● **Exercise description**: The lines from the start of the data through the line with "Hello and welcome to SwapSpace" are to be returned verbatim; all later lines are to be omitted.

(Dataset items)

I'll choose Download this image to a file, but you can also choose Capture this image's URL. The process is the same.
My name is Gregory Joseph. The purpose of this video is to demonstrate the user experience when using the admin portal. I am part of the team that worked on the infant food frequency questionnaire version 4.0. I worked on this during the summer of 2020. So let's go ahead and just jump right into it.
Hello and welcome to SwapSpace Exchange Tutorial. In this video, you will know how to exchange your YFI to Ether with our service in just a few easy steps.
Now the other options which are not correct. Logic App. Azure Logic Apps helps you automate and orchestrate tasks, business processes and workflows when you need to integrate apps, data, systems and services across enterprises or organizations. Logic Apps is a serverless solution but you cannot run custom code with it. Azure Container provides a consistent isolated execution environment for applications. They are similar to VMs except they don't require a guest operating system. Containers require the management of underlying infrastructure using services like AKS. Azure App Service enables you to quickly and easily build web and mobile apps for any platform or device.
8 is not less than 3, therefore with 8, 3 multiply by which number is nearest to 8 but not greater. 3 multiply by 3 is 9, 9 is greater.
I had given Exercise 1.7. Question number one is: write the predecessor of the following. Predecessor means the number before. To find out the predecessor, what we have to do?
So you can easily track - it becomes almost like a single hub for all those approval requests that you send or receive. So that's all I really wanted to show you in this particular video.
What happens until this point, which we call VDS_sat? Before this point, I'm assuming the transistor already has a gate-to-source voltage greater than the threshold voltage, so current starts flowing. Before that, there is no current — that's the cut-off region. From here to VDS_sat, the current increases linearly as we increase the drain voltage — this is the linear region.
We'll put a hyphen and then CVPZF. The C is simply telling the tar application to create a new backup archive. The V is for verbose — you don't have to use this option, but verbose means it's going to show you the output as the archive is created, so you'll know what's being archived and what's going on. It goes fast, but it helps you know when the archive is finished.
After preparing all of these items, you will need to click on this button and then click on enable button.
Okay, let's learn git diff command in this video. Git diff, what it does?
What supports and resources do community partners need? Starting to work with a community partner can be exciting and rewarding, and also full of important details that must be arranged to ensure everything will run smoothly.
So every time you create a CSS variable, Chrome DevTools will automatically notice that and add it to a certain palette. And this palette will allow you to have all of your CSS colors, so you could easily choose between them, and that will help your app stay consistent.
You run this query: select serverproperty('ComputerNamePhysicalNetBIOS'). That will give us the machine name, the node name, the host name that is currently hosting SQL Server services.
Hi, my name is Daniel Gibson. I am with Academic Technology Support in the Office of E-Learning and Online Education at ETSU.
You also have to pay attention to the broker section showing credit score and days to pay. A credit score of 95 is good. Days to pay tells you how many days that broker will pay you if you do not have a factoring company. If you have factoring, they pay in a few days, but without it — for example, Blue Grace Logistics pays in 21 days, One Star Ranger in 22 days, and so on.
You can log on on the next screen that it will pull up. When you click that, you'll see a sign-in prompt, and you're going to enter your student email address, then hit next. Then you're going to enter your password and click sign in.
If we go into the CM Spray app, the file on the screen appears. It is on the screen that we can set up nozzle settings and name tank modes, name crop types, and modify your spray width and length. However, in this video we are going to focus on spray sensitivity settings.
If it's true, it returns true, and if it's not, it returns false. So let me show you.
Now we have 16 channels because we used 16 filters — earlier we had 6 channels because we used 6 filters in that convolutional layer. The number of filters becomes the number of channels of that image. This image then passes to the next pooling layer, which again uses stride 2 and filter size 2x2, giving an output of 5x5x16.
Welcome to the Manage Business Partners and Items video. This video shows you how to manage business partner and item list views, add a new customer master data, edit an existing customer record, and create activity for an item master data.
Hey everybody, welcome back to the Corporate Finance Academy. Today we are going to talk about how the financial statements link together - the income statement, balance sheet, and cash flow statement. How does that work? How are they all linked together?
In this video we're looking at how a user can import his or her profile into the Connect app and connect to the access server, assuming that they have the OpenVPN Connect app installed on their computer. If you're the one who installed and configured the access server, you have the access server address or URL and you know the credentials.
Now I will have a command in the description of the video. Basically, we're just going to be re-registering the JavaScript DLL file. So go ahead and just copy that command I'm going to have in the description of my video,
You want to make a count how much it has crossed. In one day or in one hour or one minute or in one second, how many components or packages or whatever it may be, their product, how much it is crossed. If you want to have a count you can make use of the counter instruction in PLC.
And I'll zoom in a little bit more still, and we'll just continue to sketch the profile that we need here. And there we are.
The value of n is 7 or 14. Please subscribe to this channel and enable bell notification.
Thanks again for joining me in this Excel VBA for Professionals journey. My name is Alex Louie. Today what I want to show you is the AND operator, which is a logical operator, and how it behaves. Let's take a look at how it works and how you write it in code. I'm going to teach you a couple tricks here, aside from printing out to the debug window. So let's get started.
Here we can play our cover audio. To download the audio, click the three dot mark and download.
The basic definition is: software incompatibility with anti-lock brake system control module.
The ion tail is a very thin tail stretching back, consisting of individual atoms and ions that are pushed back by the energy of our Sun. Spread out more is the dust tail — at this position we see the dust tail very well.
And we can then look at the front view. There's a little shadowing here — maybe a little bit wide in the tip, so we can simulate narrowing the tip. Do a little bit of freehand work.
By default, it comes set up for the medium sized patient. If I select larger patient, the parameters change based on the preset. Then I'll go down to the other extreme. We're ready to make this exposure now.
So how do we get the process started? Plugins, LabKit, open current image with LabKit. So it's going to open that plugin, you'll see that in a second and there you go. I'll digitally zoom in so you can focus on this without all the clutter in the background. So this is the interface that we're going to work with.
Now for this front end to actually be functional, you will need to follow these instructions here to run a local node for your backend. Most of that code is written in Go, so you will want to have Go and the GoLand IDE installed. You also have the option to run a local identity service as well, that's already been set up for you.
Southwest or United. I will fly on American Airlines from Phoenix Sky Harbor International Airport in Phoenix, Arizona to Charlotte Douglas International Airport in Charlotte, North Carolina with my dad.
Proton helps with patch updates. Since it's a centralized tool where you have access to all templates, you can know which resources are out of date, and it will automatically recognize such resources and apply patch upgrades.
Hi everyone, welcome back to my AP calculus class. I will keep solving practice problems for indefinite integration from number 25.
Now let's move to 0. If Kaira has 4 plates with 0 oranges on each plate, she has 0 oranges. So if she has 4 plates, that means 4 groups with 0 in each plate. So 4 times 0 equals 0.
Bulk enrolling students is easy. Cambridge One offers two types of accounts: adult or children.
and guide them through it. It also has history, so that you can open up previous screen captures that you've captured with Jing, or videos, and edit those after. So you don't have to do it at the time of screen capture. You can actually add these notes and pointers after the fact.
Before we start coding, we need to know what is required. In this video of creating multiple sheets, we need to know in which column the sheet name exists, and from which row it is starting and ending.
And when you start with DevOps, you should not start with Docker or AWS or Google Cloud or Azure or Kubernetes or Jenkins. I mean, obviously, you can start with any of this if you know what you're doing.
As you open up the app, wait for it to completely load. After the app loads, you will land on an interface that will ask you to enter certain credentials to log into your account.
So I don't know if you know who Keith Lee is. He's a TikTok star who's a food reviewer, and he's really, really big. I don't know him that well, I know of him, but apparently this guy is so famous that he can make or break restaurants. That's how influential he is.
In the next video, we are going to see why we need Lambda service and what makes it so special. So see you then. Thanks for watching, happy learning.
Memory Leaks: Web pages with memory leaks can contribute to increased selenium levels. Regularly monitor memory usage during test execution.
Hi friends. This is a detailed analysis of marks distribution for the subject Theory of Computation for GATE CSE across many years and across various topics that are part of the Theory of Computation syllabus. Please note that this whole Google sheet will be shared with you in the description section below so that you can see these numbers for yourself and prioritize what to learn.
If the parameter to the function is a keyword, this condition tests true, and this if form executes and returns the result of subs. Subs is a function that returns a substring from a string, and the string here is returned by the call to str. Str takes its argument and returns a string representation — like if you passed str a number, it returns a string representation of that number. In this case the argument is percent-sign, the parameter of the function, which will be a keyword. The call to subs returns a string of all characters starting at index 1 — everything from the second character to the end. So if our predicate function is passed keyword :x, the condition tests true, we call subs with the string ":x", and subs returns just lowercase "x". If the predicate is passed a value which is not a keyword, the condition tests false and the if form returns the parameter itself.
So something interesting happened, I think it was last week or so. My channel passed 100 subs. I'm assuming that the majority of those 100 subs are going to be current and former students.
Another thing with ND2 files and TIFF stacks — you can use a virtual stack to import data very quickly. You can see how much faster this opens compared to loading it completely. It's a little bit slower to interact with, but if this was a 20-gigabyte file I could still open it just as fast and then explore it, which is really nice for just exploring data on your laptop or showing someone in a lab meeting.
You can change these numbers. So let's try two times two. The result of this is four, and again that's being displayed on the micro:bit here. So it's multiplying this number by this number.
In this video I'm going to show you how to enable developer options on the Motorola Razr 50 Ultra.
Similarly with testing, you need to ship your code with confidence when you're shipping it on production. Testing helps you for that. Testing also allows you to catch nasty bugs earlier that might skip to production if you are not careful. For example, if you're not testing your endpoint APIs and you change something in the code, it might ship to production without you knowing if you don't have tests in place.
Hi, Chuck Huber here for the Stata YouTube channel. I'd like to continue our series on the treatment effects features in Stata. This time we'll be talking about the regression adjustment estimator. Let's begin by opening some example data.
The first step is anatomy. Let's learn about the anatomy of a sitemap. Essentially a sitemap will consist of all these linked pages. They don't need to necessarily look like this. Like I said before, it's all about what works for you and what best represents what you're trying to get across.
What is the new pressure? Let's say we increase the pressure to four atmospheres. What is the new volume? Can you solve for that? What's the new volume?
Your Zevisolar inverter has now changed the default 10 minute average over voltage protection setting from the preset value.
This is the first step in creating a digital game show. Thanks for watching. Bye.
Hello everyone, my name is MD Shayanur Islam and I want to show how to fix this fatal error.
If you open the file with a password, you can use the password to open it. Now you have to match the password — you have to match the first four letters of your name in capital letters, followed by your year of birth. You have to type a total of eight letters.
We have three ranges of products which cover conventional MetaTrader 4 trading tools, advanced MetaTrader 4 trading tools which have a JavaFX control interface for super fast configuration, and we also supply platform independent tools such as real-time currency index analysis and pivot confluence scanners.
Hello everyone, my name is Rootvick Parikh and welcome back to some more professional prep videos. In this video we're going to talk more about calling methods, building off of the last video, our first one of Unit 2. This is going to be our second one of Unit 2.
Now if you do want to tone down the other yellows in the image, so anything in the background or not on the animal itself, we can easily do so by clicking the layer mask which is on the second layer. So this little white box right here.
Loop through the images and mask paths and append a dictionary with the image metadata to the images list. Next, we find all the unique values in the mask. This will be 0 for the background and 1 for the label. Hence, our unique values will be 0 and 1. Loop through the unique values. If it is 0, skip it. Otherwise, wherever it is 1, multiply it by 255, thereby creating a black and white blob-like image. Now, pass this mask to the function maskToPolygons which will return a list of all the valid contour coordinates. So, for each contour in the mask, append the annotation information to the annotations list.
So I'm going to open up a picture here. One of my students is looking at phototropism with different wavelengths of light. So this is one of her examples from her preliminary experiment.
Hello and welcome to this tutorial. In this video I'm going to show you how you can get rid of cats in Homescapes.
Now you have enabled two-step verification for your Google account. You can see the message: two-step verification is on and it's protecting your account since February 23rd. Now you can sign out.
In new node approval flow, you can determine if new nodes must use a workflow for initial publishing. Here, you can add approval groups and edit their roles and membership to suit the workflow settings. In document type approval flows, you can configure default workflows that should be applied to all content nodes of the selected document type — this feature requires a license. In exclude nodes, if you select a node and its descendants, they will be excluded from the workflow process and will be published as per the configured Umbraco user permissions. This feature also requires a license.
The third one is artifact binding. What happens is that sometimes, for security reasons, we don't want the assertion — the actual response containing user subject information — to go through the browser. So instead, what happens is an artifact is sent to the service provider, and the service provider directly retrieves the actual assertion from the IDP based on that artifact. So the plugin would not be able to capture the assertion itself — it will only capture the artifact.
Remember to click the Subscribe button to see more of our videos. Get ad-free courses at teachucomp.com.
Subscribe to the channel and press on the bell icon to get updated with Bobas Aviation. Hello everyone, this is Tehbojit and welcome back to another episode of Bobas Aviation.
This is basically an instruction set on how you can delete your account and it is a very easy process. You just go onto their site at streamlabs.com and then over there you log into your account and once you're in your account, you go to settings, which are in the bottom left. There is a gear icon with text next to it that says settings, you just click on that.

● **Written response**:
I'll choose Download this image to a file, but you can also choose Capture this image's URL. The process is the same.
My name is Gregory Joseph. The purpose of this video is to demonstrate the user experience when using the admin portal. I am part of the team that worked on the infant food frequency questionnaire version 4.0. I worked on this during the summer of 2020. So let's go ahead and just jump right into it.
Hello and welcome to SwapSpace Exchange Tutorial. In this video, you will know how to exchange your YFI to Ether with our service in just a few easy steps.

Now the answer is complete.